Subsequent crawls and changing config?

Norconex / crawlers

Norconex Crawlers (or spiders) are flexible web and filesystem crawlers for collecting, parsing, and manipulating data from the web or filesystem to various data repositories such as search engines.

https://opensource.norconex.com/crawlers

Apache License 2.0

183 stars 67 forks source link

Subsequent crawls and changing config? #427

Closed ronjakoi closed 4 years ago

ronjakoi commented 6 years ago

Let's say I crawl my site once, then notice that I crawled a section that I shouldn't have. So I add some exclusion lines to my reference filters.

When I crawl my site again, will the HTTP Collector notice that some references which were crawled before are now excluded and then send a delete command to my Solr? Or will I have to delete the accidentally crawled references myself?
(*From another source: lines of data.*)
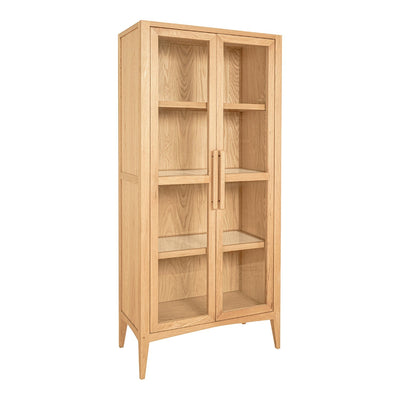 product image for harrington tall cabinet by bd la mhc vl 1080 24 1 78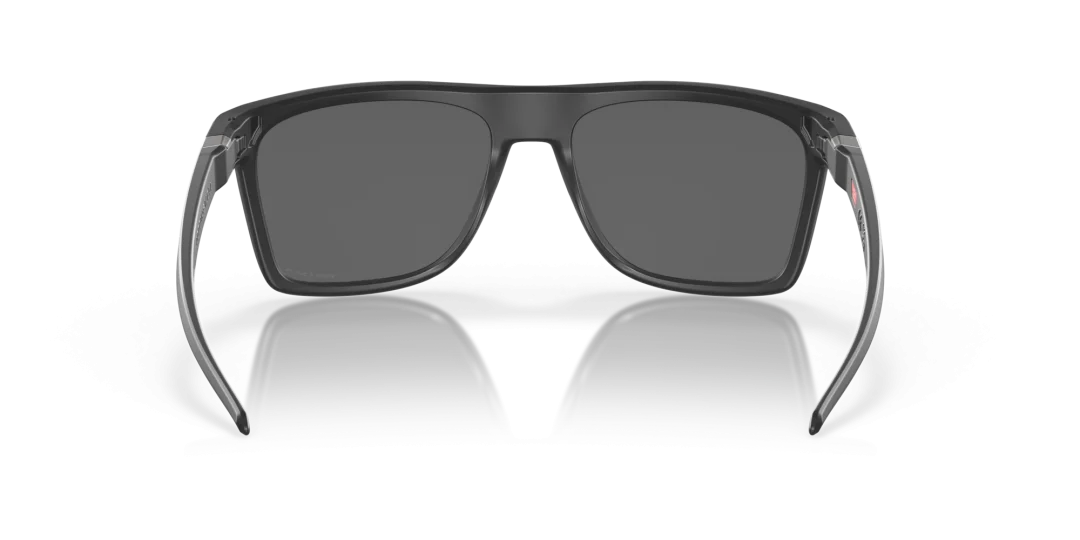 OAKLEY Leffingwell 0OO9100 910004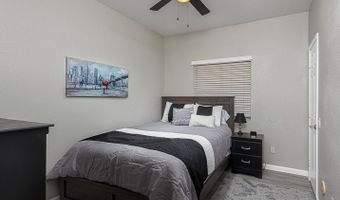 1282 W KESLER Ln, Chandler, AZ 85224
essiembre commented 6 years ago

When links can no longer be reached on subsequent runs (because of config changes or else), they become "orphans". By default orphan URLs are reprocessed but you can change it with this crawler configuration option:

 <orphansStrategy>...</orphansStrategy>

Possible values are:

PROCESS: This is the default. Will try to crawl them again in case they were updated/deleted.
DELETE: Sends deletion requests to your Committer to have them deleted in Solr.
IGNORE: Does nothing with them (i.e., do not attempt to crawl, do not send deletion requests).

ronjakoi commented 6 years ago

If I use the DELETE strategy and do subsequent crawls with varying maxDepth values (like a daily shallow crawl and a weekly deeper crawl), will the REJECTED_TOO_DEEP events of the shallower crawls trigger the orphansStrategy and send delete requests?

essiembre commented 6 years ago

URLs that are no longer reachable are orphans, so yet, they should get deleted. To have shallow vs deep crawls, you can create two collector config with different settings, or, you can look at the GenericRecrawlableResolver. That class allows you to define the minimum elapsed time before some of your documents get recrawled.

ronjakoi commented 6 years ago

I do have two separate collector configs, but they both use the same workDir. I assume that's going to be a problem?

Looking into GenericRecrawlableResolver...

essiembre commented 6 years ago

You are correct. While many written files have unique names, it is highly recommended to avoid to share the same workDir to avoid possible collisions.